Art by Nigel Hills. |
- Introduction by Peter Haining
- "Dead Men Working in the Cane Fields" by W.B. Seabrook (Originally in newspaper syndication, Mar. 1928; subsequently in The Magic Island, 1929)
- "Salt Is Not for Slaves" by G.W. Hutter (Ghost Stories, Aug. 1931)
- "The Country of the Comers-Back" by Lafcadio Hearn (Harper's New Monthly Magazine, ca. 1888-1890; reprinted as "La Guiablesse" in Two Years in the French West Indies, 1890)
- "Jumbee" by Henry S. Whitehead (Weird Tales, Sept. 1926; reprinted Feb. 1938)

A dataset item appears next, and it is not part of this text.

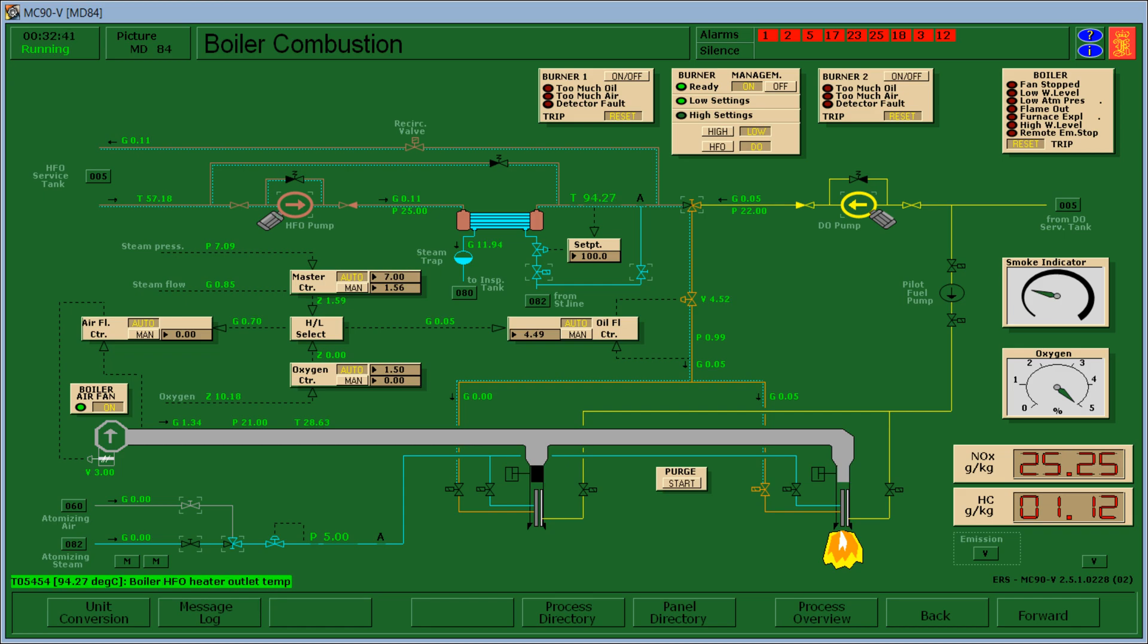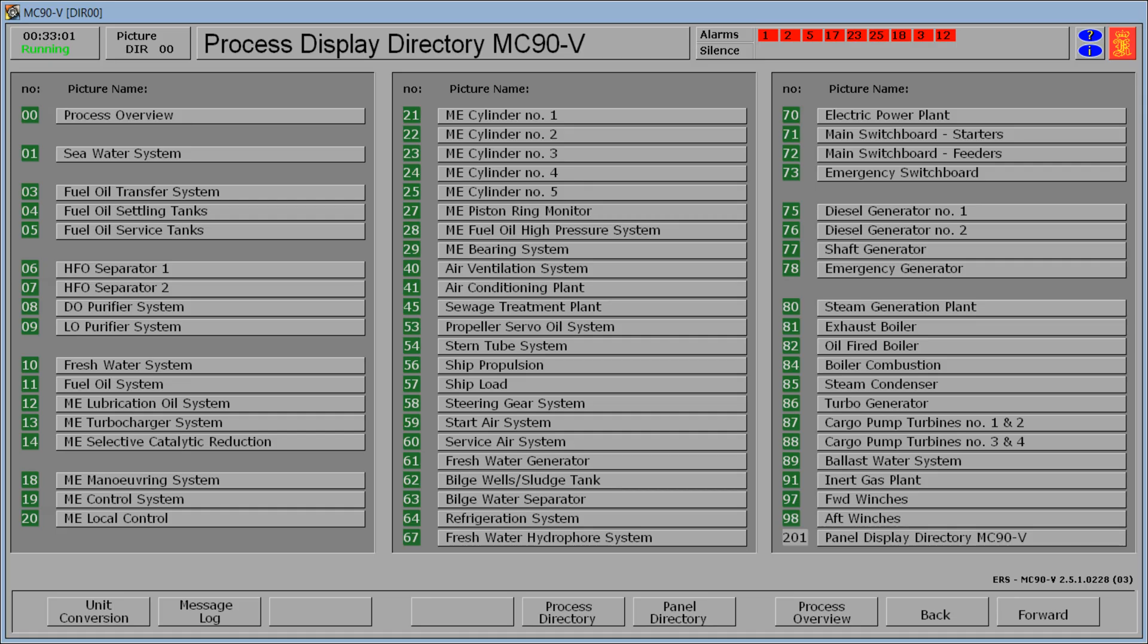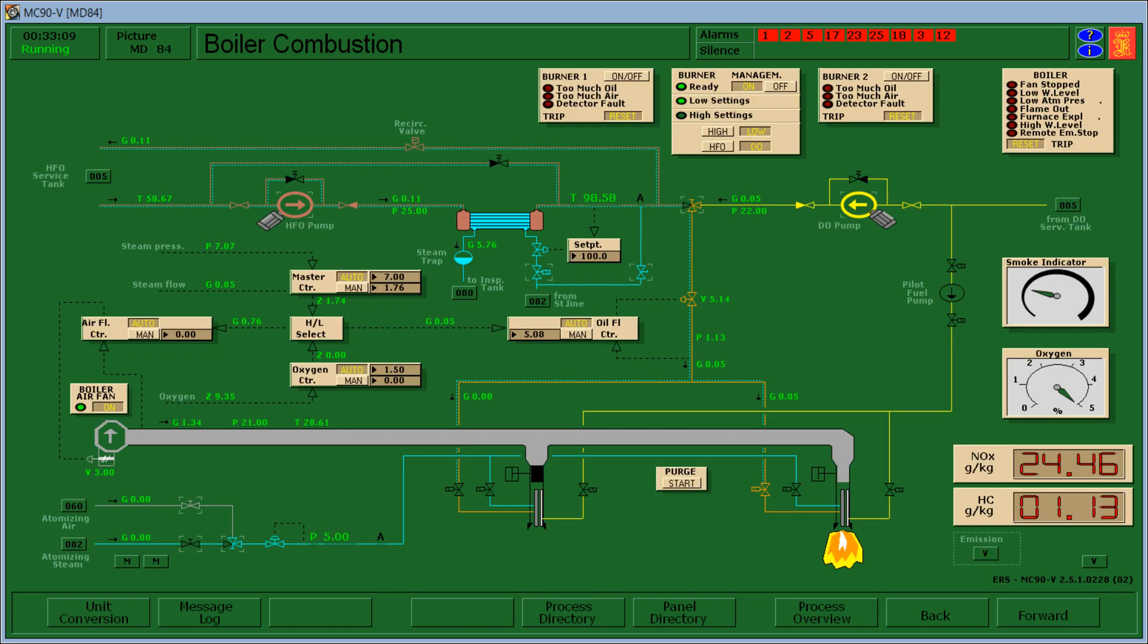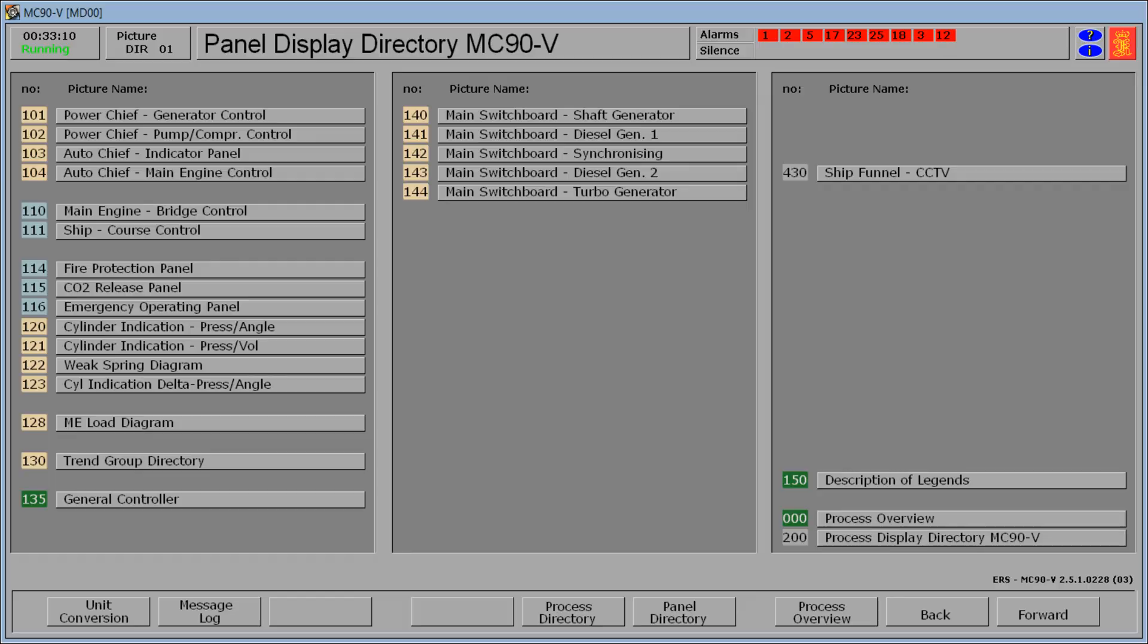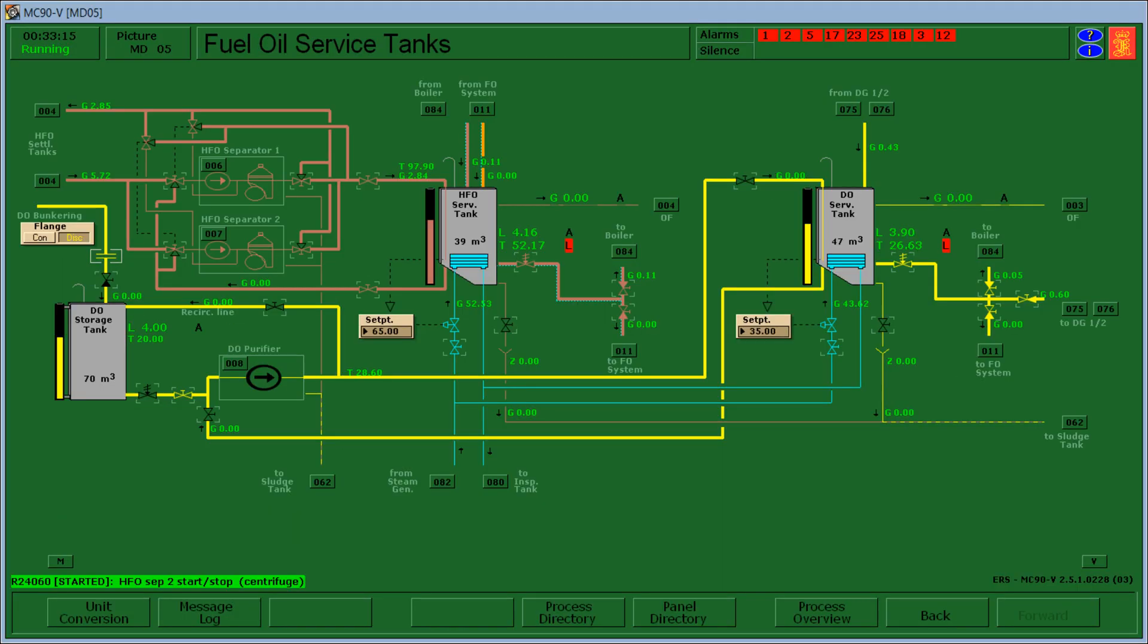Now when it reaches the set point let's switch the heavy fuel oil here. Then I'll show you that I have prepared my HFO separator or the purifiers. Then here I open the service tank heating shut off valve. So it helps the temperature of the heavy fuel oil to increase too.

- "White Zombie" by Vivian Meik (Devil's Drums by Vivian Meik, 1933)
- "I Walked with a Zombie" by Inez Wallace (The American Weekly, May 3, 1942)
- "American Zombie" by Dr. Gordon Leigh Bromley (From an unknown magazine, possibly Occult Review, ca. 1936?)
- "While Zombies Walked" by Thorp McCluskey (Weird Tales, Sept. 1939)
- "The House in the Magnolias" by August Derleth (Strange Tales of Mystery and Terror, June 1932)
- "The Zombie of Alto Parana" by W. Stanley Moss (London Mystery #6, 1950; reprinted in A Book of Strange Stories, 1954)
- "Ballet Nègre" by Charles Birkin (The Smell of Evil, 1964)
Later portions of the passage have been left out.